**Exercise**
Before you return the lines below, strip out any images and keep every word as written.

**Raw data**
::::::::::

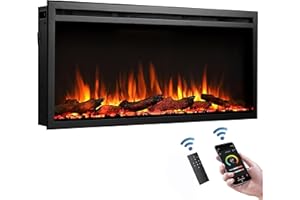 FLAMME 40"/102cm Castello Slim Frame Recessed Media Wall Inset Electric Fireplace with Multi Flame Colours 750W/1500W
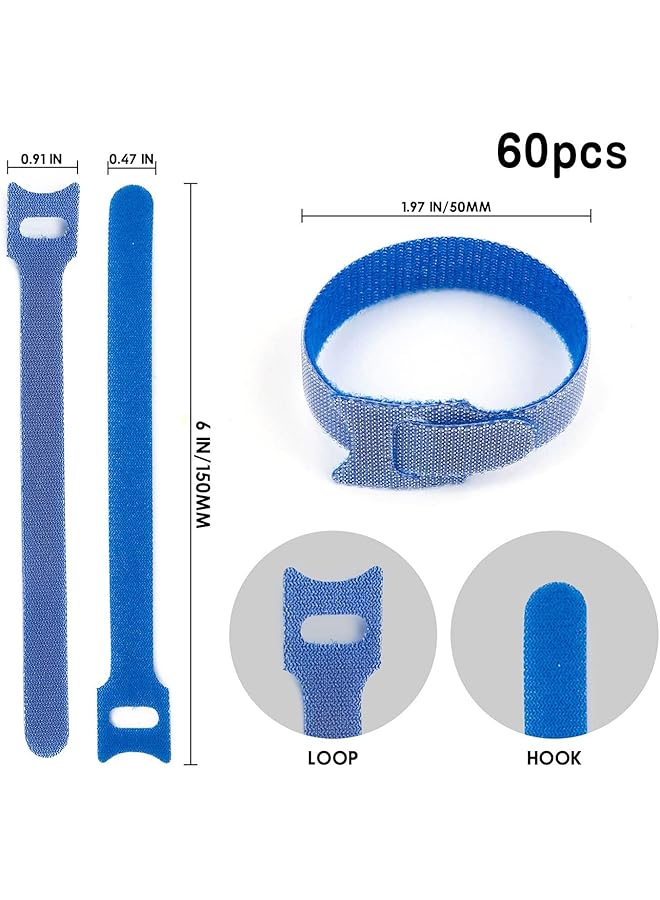 erorex Reusable Zip Tie Cable Ties Cord Organizer Cable Management Wire Management Cable Organizer Hook And Loop Cable Ties Twist Ties Cable Straps Tie Wraps Cord Ties Wire Ties Home Office Tie Wire 60 Pcs - Image 1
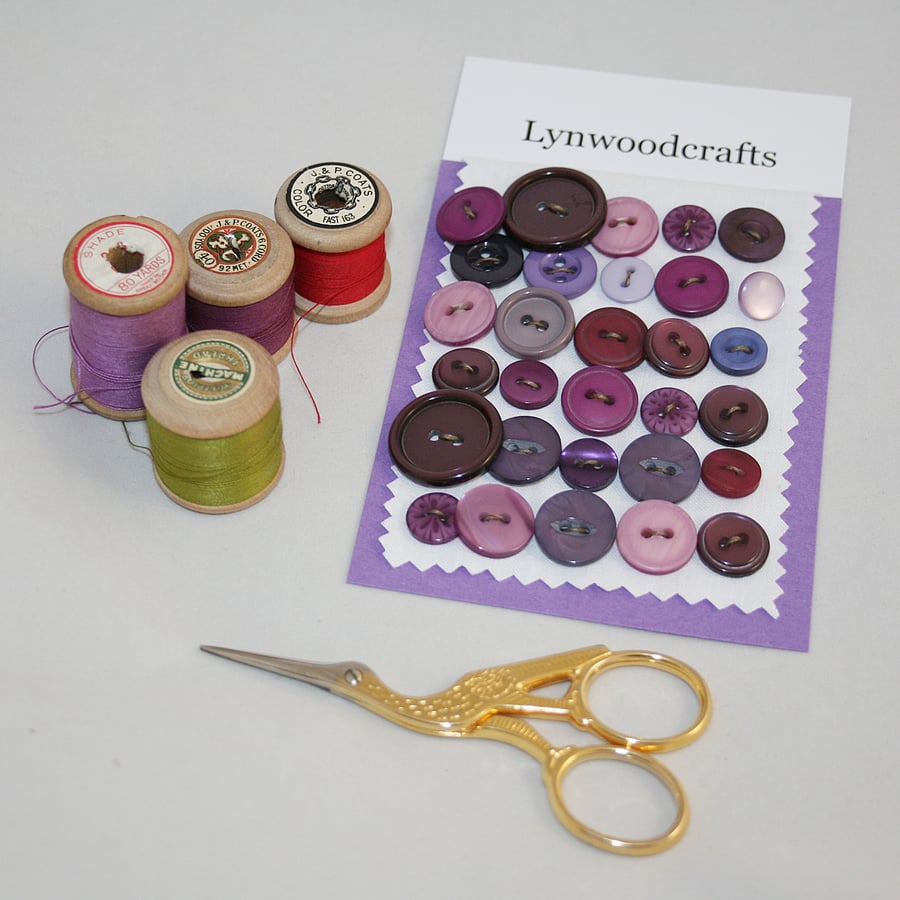 30 Purple and Plum Buttons - including vintage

::::::::::

**Task answer**
 FLAMME 40"/102cm Castello Slim Frame Recessed Media Wall Inset Electric Fireplace with Multi Flame Colours 750W/1500W
 erorex Reusable Zip Tie Cable Ties Cord Organizer Cable Management Wire Management Cable Organizer Hook And Loop Cable Ties Twist Ties Cable Straps Tie Wraps Cord Ties Wire Ties Home Office Tie Wire 60 Pcs - Image 1
 30 Purple and Plum Buttons - including vintage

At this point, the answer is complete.